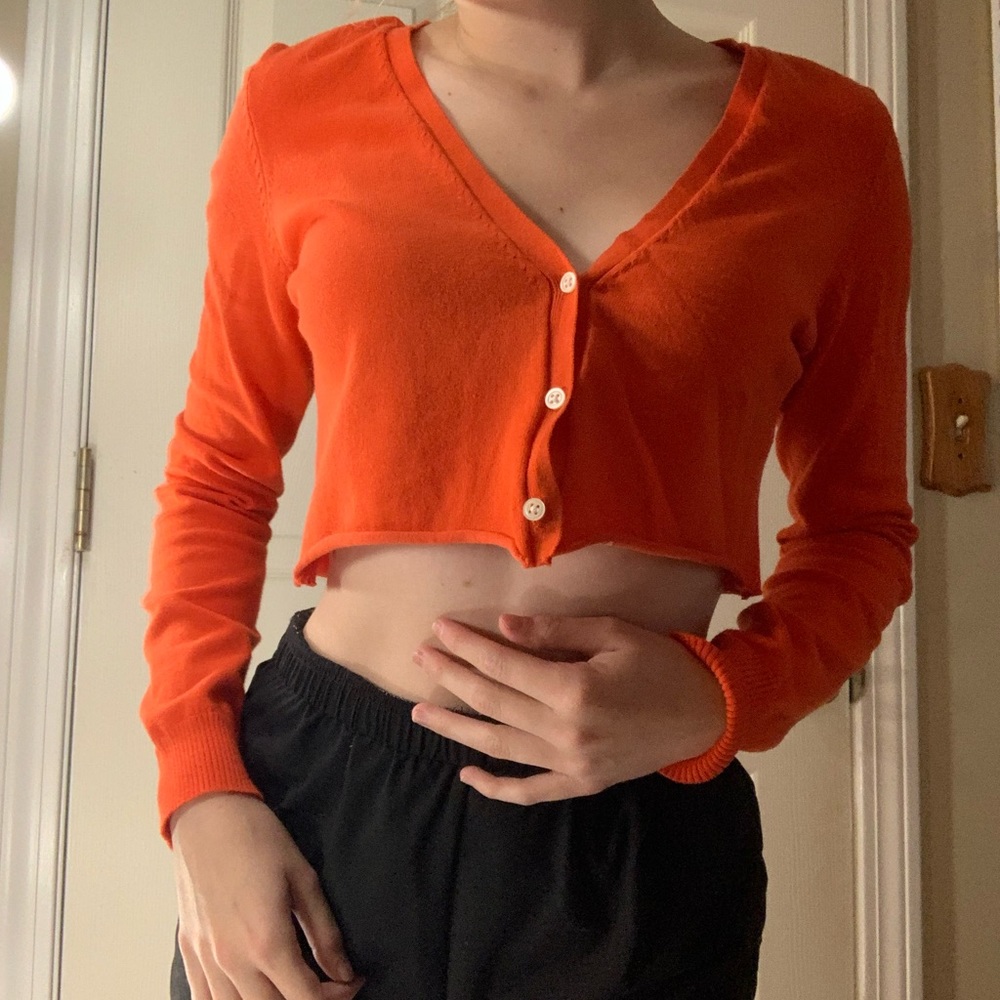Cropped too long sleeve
+ + + + + + +
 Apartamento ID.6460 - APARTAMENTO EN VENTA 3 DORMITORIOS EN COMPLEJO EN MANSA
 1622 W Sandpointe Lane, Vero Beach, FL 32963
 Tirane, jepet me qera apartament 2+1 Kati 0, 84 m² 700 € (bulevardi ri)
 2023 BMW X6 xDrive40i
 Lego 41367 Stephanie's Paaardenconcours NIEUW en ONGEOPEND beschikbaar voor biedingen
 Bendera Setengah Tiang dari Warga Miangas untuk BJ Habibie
+ + + + + + +
**Problem requirements**
Repeat, exactly as they stand above, the lines from the line with "Apartamento ID.6460 - APARTAMENTO" to the line with "2023 BMW X6 xDrive40i", both lines included.

**Exercise result**
 Apartamento ID.6460 - APARTAMENTO EN VENTA 3 DORMITORIOS EN COMPLEJO EN MANSA
 1622 W Sandpointe Lane, Vero Beach, FL 32963
 Tirane, jepet me qera apartament 2+1 Kati 0, 84 m² 700 € (bulevardi ri)
 2023 BMW X6 xDrive40i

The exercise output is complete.